Why sign SLA in the first place?
So you’ve taken the path of developing your software startup with an external development team – you’ve agreed on the design, functional and non-functional requirements, signed off a schedule and formal software development contract (no matter if agile or waterfall process), secured your intellectual property rights.
The development is underway, more or less on schedule.
According to the contract and specs, the app/software is to be delivered functional , bug-free*, tested.
Seems like all bases have been covered, doesn’t it?
If your app is a short term/scale commitment (a proof of concept, or a low-budget MVP, with no premium/paying users) – then yes. You can hope for the best and even if there is a major incident (software/hardware related) brining the site/app to it’s knees – most likely nobody’ll get hurt.
This is not the case with paying customers or an app/site handling significant production-grade traffic. There’ll be complains, refund demands, customer service issues/services that need to be handled.
Not to mention the customers loosing confidence in your product – the more significant, the more you charge / plan to charge for the product.
Once the product is live and you’re charging the clients, you need to be certain that there’s always a competent/knowledgeable person ready to step into action whenever necessary, regardless of time & day.
No matter if it’s an unexpected heavy traffic bringing your site down, a critical security update that needs to be applied ASAP, or a hardware failure that needs to be identified and (if necessary) addressed by a third-party.
That’s what the SLA is for.
What should SLA cover?
To secure your business and be meaningful and binding agreement, the SLA needs to have at least a basic coverage of the following matters:
#1 Clear definition of technological (hardware/software) layers each side is responsible for
If it happens that there are multiple parties responsible for the software (application) and sysadmin (OS, database/web server software) maintenance – each of them needs to have its’ roles and responsibilities very clearly defined to avoid confusion – both during the incident management/resolution and after.
The blaming game that might come up as an aftermath is something you want to avoid.
In practice this might result in a separate SLA’s for the software and sysops maintenance.
#2 Definition of critical/major/minor bugs, issues or incidents
Not all incidents/bugs are created equal.

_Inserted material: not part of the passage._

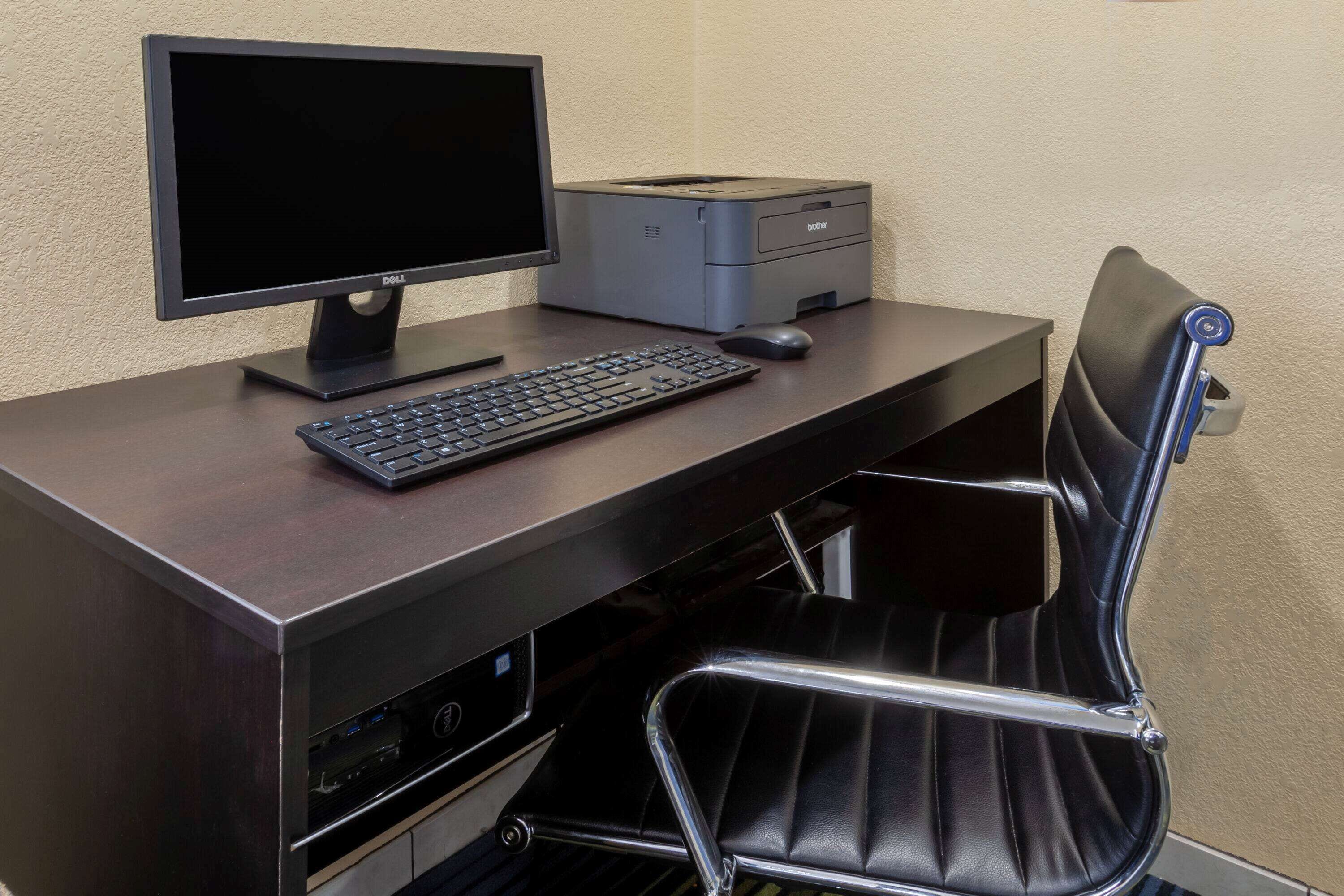 Ein dunkler Holztisch mit einem Dell-Monitor, einer Tastatur, einem Drucker und einem schwarzen Ledersessel.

Some might be minor, hardly visible annoyances, while the others shut your service down as soon as they appear.
The SLA should define each level (i.e. minor/major/critical) of incidents, together with an example/explanation of types of incidents/scenarios that belong to each group in case of your software (i.e. users being unable to log in might be either a critical, or a major incident, depending on the profile of your site/app)
#3 Agreed reaction times
Separate for each incident level, as there’s no need to rush in at early a.m. hours to fix a wrong font size.
So shorter (minutes/hours )/immediate for critical issues, more flexible and forgiving for the minor ones.

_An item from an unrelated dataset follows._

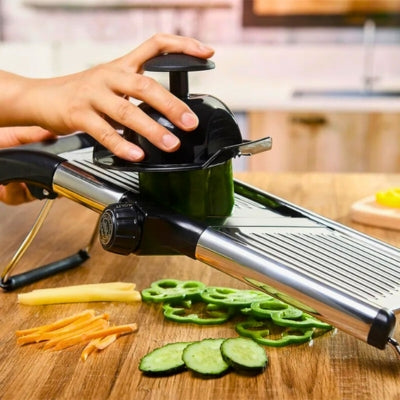 Mandoline japonaise posée sur une table et utilisée par une personne pour couper un légume, on voit sous la mandoline des légumes coupés de différentes façons, la personne utilise un bouchon de protection pour couper le légume.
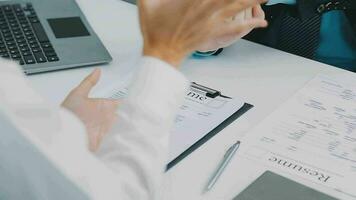 Hands of recruiter holding resume in front of candidate at desk video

No matter the case, they need to be clearly defined in the agreement so that the chance of a confusion (and hence – not swift enough reaction to incident) is avoided.
#4 Service uptime requirements and how they will be measured
What is the agreed uptime level (in %, i.e. 99.5%) you’re paying for, how will it be measured (i.e. using externally set-up Zabbix, by reviewing it’s monthly uptime reports?)
SLA without clear and actionable way of measuring if it’s fulfilled might not cover your needs/demands good enough in case of an argument, leaving you without proper and solid proof that its’ arrangements have been breached.
#5 Communication channels (and elevation paths) in case of incidents
How will the issues be reported? Via phone, email, or perhaps a separate issue-management system? Who should be contacted in case there’s no reaction for issue reported within the defined timeframe?
Who should the incident report be elevated to if there’s no reaction from the person/party defined as the first-contact?
Having a readily available history of reports/reactions (which reporting by phone calls won’t provide you with) will allow for an easier and proof-based assessment of service level you receive.
Remember to always follow by at least an email.
#6 The price for the service as well as financial implications for breaching agreed up-/reaction times/service level
This one is fairly obvious – simply put, how much will it cost the maintainer to exceed agreed reaction times or fail resolve the incident? Will it be a monetary or work (time & material, i.e. 2h of worth of work for each 1h of delay ) compensation?
Under what circumstances it the maintainee authorized to immediately discard the SLA with no additional serverance? (i.e. failure to fix the issue within 3 days, failure to react properly more than 3 times)
You can see some example SLA’s agreements at Docracy, ie:
Keep in mind though, there’s not a single one that is perfect for each service/app – so the final result is a matter of multiple reviews/mutual discussions specific to the service it is to cover.